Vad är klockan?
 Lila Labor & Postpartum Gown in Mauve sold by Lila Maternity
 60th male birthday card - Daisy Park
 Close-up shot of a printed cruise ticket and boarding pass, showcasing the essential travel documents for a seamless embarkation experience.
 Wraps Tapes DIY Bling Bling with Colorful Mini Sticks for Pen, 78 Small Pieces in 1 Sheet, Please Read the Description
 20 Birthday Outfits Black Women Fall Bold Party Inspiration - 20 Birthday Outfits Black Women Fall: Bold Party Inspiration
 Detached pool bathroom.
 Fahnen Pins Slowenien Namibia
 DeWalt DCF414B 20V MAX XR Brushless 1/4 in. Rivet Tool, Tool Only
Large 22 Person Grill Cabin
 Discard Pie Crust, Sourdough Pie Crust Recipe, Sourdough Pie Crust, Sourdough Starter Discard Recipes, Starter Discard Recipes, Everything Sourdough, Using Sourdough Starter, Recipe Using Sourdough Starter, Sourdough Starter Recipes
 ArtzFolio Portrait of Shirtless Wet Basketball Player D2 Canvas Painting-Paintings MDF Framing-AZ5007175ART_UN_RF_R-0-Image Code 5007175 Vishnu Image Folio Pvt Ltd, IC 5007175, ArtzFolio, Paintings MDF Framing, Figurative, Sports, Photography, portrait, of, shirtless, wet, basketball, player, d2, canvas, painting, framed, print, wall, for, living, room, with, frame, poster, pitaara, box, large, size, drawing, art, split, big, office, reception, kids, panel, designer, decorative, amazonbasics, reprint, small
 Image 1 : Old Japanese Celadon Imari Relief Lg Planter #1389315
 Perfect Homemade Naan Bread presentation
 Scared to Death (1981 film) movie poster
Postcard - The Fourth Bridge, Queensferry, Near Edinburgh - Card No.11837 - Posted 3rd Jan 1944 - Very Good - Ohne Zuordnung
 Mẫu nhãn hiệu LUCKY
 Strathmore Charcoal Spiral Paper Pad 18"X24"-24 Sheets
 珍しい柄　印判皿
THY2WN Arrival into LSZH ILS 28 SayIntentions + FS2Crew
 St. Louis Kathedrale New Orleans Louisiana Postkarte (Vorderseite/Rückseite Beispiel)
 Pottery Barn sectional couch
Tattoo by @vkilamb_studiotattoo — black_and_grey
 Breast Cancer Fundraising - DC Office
# # # # # # #
WHAT NEEDS TO BE DONE: Copy each line of the data that includes the word "Image".

WRITTEN ANSWER:
 ArtzFolio Portrait of Shirtless Wet Basketball Player D2 Canvas Painting-Paintings MDF Framing-AZ5007175ART_UN_RF_R-0-Image Code 5007175 Vishnu Image Folio Pvt Ltd, IC 5007175, ArtzFolio, Paintings MDF Framing, Figurative, Sports, Photography, portrait, of, shirtless, wet, basketball, player, d2, canvas, painting, framed, print, wall, for, living, room, with, frame, poster, pitaara, box, large, size, drawing, art, split, big, office, reception, kids, panel, designer, decorative, amazonbasics, reprint, small
 Image 1 : Old Japanese Celadon Imari Relief Lg Planter #1389315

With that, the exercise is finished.